* _Exercise goal_:
The listing below must be duplicated in full, with nothing altered.

* _Data extract_:
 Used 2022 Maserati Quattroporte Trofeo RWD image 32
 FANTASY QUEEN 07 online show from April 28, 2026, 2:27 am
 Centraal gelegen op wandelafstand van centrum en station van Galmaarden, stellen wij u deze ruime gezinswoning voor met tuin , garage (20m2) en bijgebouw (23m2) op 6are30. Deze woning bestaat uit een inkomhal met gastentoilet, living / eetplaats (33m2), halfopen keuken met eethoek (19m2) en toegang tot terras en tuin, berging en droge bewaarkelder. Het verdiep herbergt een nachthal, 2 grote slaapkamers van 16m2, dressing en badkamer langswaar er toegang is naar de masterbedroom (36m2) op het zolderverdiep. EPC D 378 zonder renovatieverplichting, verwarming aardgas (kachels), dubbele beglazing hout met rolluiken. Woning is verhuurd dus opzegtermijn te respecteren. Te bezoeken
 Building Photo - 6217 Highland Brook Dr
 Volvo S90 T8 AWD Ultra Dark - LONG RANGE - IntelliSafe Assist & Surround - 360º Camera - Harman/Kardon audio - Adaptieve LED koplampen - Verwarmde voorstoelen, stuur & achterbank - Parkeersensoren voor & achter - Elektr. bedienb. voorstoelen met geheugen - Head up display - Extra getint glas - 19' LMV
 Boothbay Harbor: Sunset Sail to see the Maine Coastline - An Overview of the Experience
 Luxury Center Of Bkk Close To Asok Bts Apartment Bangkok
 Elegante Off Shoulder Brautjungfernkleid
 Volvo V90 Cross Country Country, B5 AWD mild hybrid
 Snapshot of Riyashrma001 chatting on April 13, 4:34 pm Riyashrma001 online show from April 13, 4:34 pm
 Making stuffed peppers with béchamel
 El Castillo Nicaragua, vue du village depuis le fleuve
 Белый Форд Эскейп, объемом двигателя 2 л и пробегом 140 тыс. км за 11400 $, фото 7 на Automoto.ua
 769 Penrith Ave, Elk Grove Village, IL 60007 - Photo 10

* _Answer to this task_:
 Used 2022 Maserati Quattroporte Trofeo RWD image 32
 FANTASY QUEEN 07 online show from April 28, 2026, 2:27 am
 Centraal gelegen op wandelafstand van centrum en station van Galmaarden, stellen wij u deze ruime gezinswoning voor met tuin , garage (20m2) en bijgebouw (23m2) op 6are30. Deze woning bestaat uit een inkomhal met gastentoilet, living / eetplaats (33m2), halfopen keuken met eethoek (19m2) en toegang tot terras en tuin, berging en droge bewaarkelder. Het verdiep herbergt een nachthal, 2 grote slaapkamers van 16m2, dressing en badkamer langswaar er toegang is naar de masterbedroom (36m2) op het zolderverdiep. EPC D 378 zonder renovatieverplichting, verwarming aardgas (kachels), dubbele beglazing hout met rolluiken. Woning is verhuurd dus opzegtermijn te respecteren. Te bezoeken
 Building Photo - 6217 Highland Brook Dr
 Volvo S90 T8 AWD Ultra Dark - LONG RANGE - IntelliSafe Assist & Surround - 360º Camera - Harman/Kardon audio - Adaptieve LED koplampen - Verwarmde voorstoelen, stuur & achterbank - Parkeersensoren voor & achter - Elektr. bedienb. voorstoelen met geheugen - Head up display - Extra getint glas - 19' LMV
 Boothbay Harbor: Sunset Sail to see the Maine Coastline - An Overview of the Experience
 Luxury Center Of Bkk Close To Asok Bts Apartment Bangkok
 Elegante Off Shoulder Brautjungfernkleid
 Volvo V90 Cross Country Country, B5 AWD mild hybrid
 Snapshot of Riyashrma001 chatting on April 13, 4:34 pm Riyashrma001 online show from April 13, 4:34 pm
 Making stuffed peppers with béchamel
 El Castillo Nicaragua, vue du village depuis le fleuve
 Белый Форд Эскейп, объемом двигателя 2 л и пробегом 140 тыс. км за 11400 $, фото 7 на Automoto.ua
 769 Penrith Ave, Elk Grove Village, IL 60007 - Photo 10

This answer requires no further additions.